#### Exercise aim
In the entries below, print exactly the lines from the first through the one with "Black Clearcoat 2022", both included, and none of the pictures.

(Brief descriptive captions)
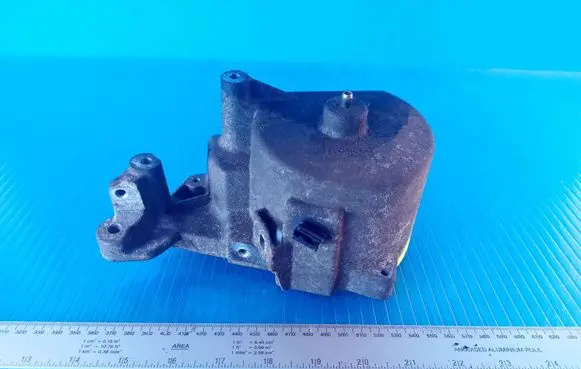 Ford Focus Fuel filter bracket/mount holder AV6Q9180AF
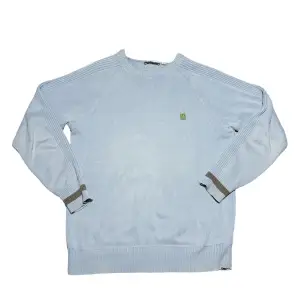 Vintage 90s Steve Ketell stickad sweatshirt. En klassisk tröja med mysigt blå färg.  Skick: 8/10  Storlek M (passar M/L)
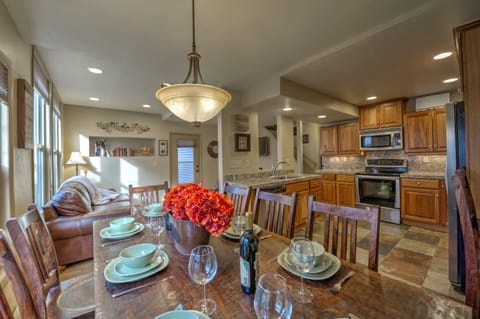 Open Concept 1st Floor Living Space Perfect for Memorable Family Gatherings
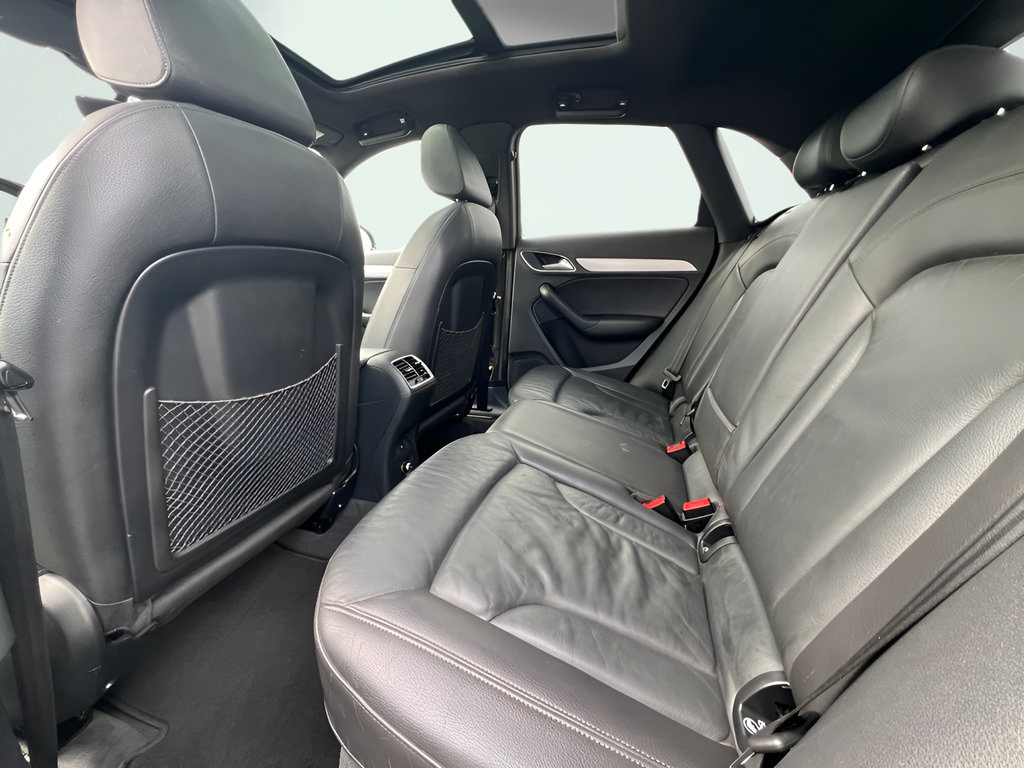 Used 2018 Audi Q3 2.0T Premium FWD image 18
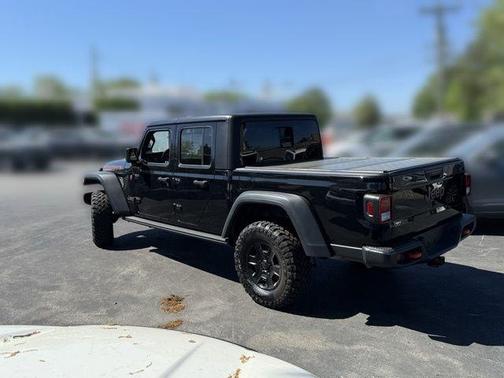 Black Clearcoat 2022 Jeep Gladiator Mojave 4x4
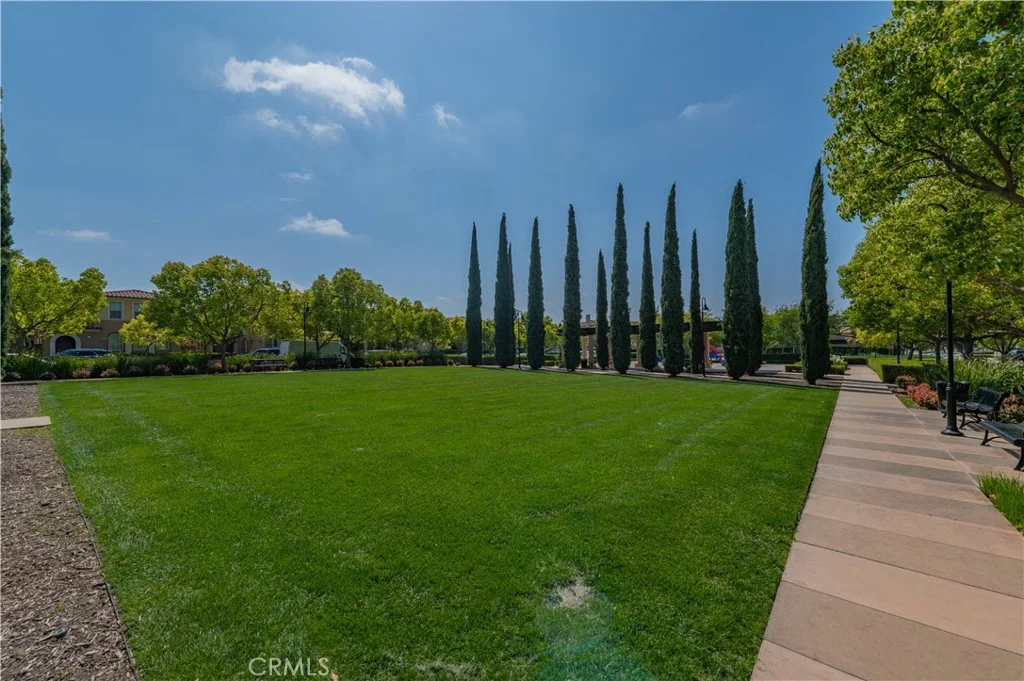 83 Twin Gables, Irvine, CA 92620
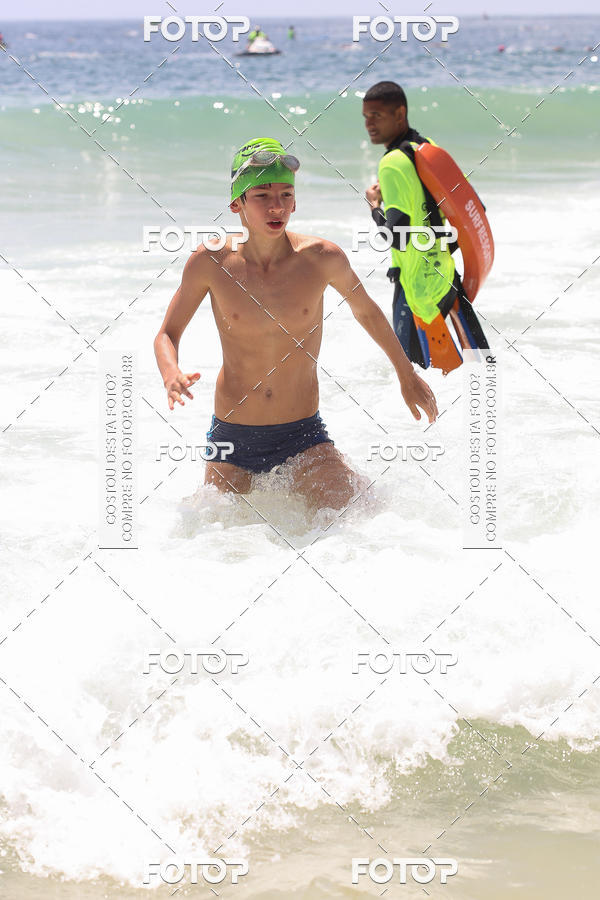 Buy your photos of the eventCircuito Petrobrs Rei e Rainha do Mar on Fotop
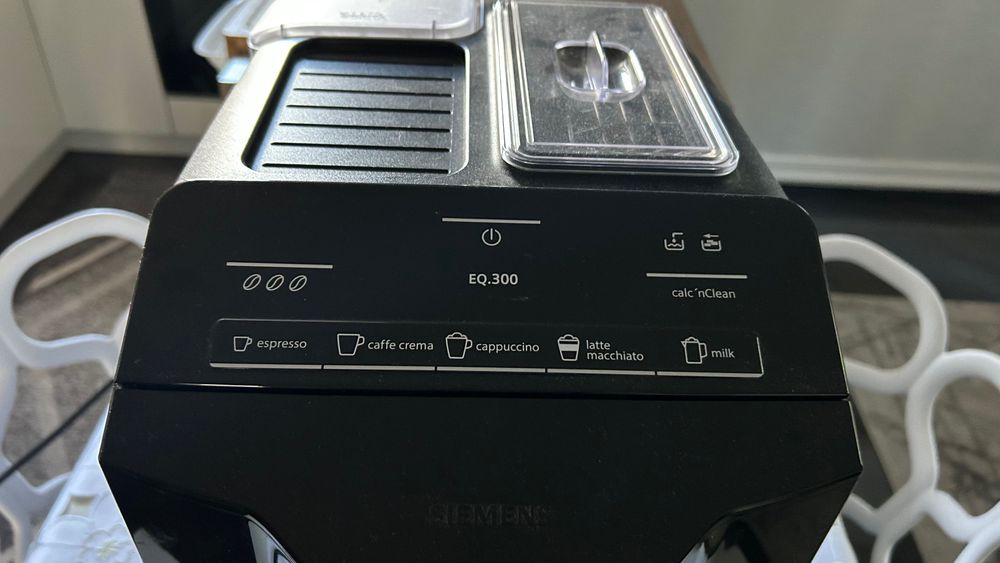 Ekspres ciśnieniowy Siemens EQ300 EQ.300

#### Response
 Ford Focus Fuel filter bracket/mount holder AV6Q9180AF
 Vintage 90s Steve Ketell stickad sweatshirt. En klassisk tröja med mysigt blå färg.  Skick: 8/10  Storlek M (passar M/L)
 Open Concept 1st Floor Living Space Perfect for Memorable Family Gatherings
 Used 2018 Audi Q3 2.0T Premium FWD image 18
 Black Clearcoat 2022 Jeep Gladiator Mojave 4x4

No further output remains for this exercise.